The earth’s population spends more money on killing the planet than saving it, according to Carlos Manuel Rodriguez, VP for conservation policy at Conservation International.
Rodriguez, also formerly Costa Rica’s Minster of Environment and Energy, was speaking in Cape Town last week at the Cambridge Resilience Forum about how Costa Rica has been one of the most successful countries in the world in working towards a low-carbon economy using a system known as payment for ecosystem services (PES).
Rodriguez was a pioneer in Costa Rica in the development and implementation of this system, where Costa Ricans are paid for any carbon sequestration, water and biodiversity ‘services’ they provide.
“[Costa Ricans] have learned that we are unable to succeed in achieving our standards, targets and goals of social development and economic development without investing heavily in wisely using our natural resources and ecosystem,” he said.

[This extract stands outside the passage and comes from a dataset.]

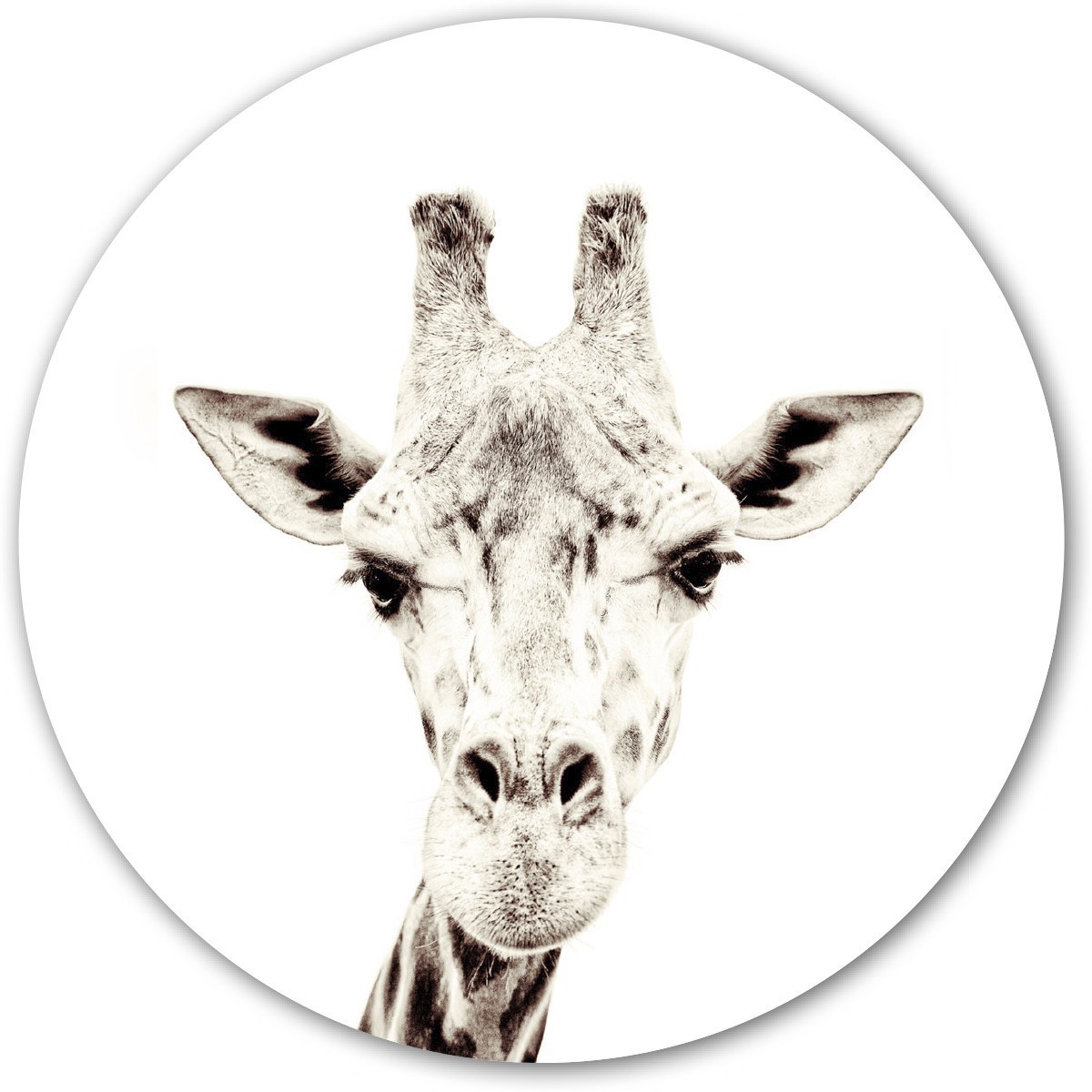 Magneetsticker giraf van Groovy Magnets: ronde magnetische muursticker met dieren print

Costa Rica is a biodiversity ‘hot spot’ where, in 1940, 75% of the country was covered in forests. This dropped to only 21% in 1987 as the financial incentives of the time were geared to changing unproductive landscapes into productive landscapes. Forests were mostly considered unproductive, resulting in deforestation. In 1991, the Costa Rican government realised that the incentives being paid were essentially bad investments and needed to be reconsidered.
In the early 1990s, Costa Rica subsequently analysed the benefits from healthy ecosystems. The analysis resulted in a policy which identified that owners of forests were supplying environmental services to the country in the form of carbon sequestration and so could be paid for those services. The intention was that this would encourage further reforestation by other landowners.
Environmental ServicesVehicles such as carbon taxes were implemented, which then created the income that could be paid to the providers of the environmental services.
The PES system was dramatically successful and payment for carbon sequestration services resulted in the restoration of a significant number of forests and, by 2005, the forest-covered area of the country increased to 52%. PES meant it had become profitable for landowners to reforest.
The system had other benefits which were not initially anticipated. Of the people that received payment for environmental services, 30% were considered extremely poor, said Rodriguez. Unwittingly, the Costa Rican government had designed a market instrument for forest conservation that also had a significant human benefit as a by-product. Rodriguez was able to show examples where communities had used PES funds to build homes and schools and, in doing so, uplifted themselves.
In addition to payment for carbon sequestration, the PES system now also pays for water and biodiversity services. He said that payment for water services “is an area where I see a great opportunity for South Africa”.
Commenting on South Africa’s road towards environmental sustainability, he noted other parallels with Costa Rica. “When I travel around rural South Africa, I see you have a major challenge in restoration, not just in conservation. I believe that the dimension and scale of the restoration are even bigger and more complex.”
Costa Rica should be an example for South Africa as it has shown that environmental sustainability and social development can go hand in hand. Where it was once the poorest country in the western hemisphere, it now ranks top of the ‘Happy Planet Index’, which measures the wellbeing of people in the nations of the world while taking into account their environmental impact. Costa Rica aims to be fully carbon neutral by 2021.